Solve Max Area Isoceles Triangle Inscribed in Circle of Radius 4cm

[dontdisturbmycircles]

Hi,

I am trying to use derivatives to find the dimensions of the isoceles triangle which covers the most area inscribed in a circle of radius 4cm.

So I set the 1/2 the bottom of the triangle to x, the height of the triangle to h, and draw the radius of the circle, 4, connecting the center of the circle and the endpoint of one side of the base.

1/2 the base = x
height of isoceles triangle = h
height of triangle drawn at bottom of isoceles triangle = y = h-4


So I get to a point where I have gotten my derivative of the area function, and am trying to find a point where it = 0 so that I can find out whether that point is a max and solve the problem.

I get \frac{dA}{dh}=h*\frac{1}{2}(8h-h^{2})^{-1/2}(8-2h)+(8h-h^{2})^{1/2}=0

Then I simplify it to \frac{8h-2h^{2}+2(8h-h^{2})}{2(8h-h^{2})^{1/2}}=0

At this point can I multiply both sides by 2(8h-h^{2})^{1/2} to get

8h-2h^{2}+16h-2h^{2}=0?

I am usually hesitant to multiply by a variable when there is a 0 sitting on the other side, but I am thinking that since h must be > 0, I can do it. Am I wrong in this assumption?

I guess my broader question is when is it okay to multiply by a variable when there is a 0 on the other side?

 

[Hurkyl]

The only danger of multiplying is that you might be introducing extra solutions.

If you're worried, think back to what you know about rational numbers:

a/b = 0

if and only if

a = 0 and b \neq 0

(If b = 0, then you've done something wrong when deriving a/b=0)


Incidentally, somewhere along the line you assumed that h was neither 0 nor 8. Was that intentional?

 

[dontdisturbmycircles]

Ah okay, that makes sense.

What do you mean I assumed it was not 8?

 

[Hurkyl]

(foreward: your work is good, I don't mean to imply otherwise. I'm just bringing up some things to make you aware of them! So hopefully you won't be tricked in later problems where they matter)
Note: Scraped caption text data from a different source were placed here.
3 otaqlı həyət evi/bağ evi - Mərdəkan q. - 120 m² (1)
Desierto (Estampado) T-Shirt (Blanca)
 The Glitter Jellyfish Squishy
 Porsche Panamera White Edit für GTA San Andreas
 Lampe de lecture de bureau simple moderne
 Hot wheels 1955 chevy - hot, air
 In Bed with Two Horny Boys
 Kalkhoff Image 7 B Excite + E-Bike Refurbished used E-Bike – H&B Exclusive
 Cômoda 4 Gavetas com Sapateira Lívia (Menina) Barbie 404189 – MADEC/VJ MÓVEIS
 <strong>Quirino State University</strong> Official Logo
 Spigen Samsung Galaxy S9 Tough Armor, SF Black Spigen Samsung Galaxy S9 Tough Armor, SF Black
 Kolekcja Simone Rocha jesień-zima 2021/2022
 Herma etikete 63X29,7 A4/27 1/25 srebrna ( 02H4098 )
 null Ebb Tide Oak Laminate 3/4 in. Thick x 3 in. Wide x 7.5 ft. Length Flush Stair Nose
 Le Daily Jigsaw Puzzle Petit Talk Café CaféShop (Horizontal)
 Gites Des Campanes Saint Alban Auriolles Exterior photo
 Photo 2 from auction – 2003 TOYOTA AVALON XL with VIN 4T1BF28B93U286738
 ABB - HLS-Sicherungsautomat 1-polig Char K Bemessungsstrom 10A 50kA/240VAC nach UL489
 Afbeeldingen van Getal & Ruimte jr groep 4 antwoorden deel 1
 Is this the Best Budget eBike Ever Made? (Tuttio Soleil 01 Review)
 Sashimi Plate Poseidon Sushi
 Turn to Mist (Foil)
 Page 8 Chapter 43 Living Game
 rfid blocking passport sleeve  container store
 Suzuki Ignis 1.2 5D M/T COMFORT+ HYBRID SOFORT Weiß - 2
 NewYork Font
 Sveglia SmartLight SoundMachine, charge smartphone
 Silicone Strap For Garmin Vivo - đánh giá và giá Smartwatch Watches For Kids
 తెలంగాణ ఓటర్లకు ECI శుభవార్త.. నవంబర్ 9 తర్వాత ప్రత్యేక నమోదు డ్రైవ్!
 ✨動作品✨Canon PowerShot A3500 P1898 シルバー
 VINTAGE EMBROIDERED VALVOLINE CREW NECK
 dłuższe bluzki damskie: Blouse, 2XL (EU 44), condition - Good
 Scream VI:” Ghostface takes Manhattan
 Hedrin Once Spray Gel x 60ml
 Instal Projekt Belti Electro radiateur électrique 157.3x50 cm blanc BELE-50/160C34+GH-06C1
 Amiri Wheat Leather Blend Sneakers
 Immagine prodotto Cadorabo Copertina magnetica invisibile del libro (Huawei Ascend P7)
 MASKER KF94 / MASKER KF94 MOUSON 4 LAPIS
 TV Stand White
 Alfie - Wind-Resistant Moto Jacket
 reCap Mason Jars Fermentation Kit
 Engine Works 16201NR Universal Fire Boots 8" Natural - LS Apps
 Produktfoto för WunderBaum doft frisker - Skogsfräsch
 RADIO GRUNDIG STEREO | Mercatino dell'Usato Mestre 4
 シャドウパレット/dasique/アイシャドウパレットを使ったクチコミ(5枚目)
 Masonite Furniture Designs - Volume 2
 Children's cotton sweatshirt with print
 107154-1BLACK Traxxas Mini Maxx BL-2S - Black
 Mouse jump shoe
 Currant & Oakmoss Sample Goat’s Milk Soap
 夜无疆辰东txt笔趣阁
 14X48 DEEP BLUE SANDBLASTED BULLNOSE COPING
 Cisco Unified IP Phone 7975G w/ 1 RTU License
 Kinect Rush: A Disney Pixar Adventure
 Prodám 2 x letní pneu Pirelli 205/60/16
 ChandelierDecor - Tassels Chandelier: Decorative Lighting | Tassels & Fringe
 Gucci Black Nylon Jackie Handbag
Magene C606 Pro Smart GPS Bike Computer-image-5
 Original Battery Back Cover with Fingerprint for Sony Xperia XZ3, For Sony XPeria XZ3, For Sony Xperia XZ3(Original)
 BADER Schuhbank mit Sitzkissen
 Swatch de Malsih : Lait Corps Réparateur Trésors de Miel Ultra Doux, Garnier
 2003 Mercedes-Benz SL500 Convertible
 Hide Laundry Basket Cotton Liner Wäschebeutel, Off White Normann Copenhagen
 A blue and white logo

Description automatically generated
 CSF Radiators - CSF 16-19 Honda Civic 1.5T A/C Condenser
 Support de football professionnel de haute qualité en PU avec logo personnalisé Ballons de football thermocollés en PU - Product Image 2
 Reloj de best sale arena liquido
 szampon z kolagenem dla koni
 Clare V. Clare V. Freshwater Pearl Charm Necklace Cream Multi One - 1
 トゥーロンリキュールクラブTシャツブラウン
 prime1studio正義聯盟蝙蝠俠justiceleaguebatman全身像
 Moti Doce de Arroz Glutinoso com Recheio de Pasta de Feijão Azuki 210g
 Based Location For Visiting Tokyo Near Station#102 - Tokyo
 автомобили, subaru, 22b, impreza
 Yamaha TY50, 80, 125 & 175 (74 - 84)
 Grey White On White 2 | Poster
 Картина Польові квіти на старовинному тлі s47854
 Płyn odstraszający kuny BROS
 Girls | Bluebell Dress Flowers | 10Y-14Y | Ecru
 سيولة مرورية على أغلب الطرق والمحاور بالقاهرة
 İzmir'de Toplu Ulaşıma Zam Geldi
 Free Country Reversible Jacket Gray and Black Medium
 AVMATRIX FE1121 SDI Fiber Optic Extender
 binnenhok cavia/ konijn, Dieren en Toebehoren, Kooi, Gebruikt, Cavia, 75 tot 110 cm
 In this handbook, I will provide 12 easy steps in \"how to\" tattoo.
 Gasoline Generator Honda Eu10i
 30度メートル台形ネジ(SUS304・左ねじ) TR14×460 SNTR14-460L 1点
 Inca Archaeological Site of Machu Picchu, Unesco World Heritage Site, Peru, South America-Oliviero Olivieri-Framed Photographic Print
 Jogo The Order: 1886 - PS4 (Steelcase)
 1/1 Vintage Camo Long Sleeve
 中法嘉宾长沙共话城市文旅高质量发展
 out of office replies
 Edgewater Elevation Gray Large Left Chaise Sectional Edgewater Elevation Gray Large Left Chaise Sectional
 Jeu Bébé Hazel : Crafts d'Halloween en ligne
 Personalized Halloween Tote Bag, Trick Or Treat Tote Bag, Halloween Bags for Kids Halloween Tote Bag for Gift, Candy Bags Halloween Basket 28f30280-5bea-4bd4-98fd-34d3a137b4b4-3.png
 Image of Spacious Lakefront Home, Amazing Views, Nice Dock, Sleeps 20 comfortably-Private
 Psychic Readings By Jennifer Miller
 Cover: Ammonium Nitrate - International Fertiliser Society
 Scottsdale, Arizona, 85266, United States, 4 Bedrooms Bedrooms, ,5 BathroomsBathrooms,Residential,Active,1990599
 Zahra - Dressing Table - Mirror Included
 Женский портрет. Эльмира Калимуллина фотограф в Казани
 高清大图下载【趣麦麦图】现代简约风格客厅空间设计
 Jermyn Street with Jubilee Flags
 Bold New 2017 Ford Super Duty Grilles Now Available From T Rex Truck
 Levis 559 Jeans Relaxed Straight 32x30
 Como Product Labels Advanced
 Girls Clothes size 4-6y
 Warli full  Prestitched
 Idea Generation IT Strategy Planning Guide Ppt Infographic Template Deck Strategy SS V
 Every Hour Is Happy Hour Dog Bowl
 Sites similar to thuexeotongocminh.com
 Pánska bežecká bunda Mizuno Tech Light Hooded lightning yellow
In your expression for A, notice that you assumed that

0 <= h <= 8.

That's a good assumption to make, because your triangle is supposed to be inscribed in your circle. But, your expression for A is not differentiable at h=0 and h=8. So, the analysis you've presented is only valid for the range

0 < h < 8.


Remember that, to find the maximum of a continuous function over a closed interval, you need to consider three kinds of points:
(1) Points where the derivative is zero
(2) Points where the derivative does not exist
(3) Boundary points.

(remember that "critical point" includes points of type (1) and type (2))


So far, you've only considered points of type (1), and haven't looked at points of type (2) or type (3), so you're not quite done. Fortunately, those points are easy to handle.

 

[dontdisturbmycircles]

Ahhh that is very true. No worries I took no offense and didn't think you were being offensive, I was genuinely interested . I actually forgot that critical points include undefined derivatives so thanks alot. I appreciate it.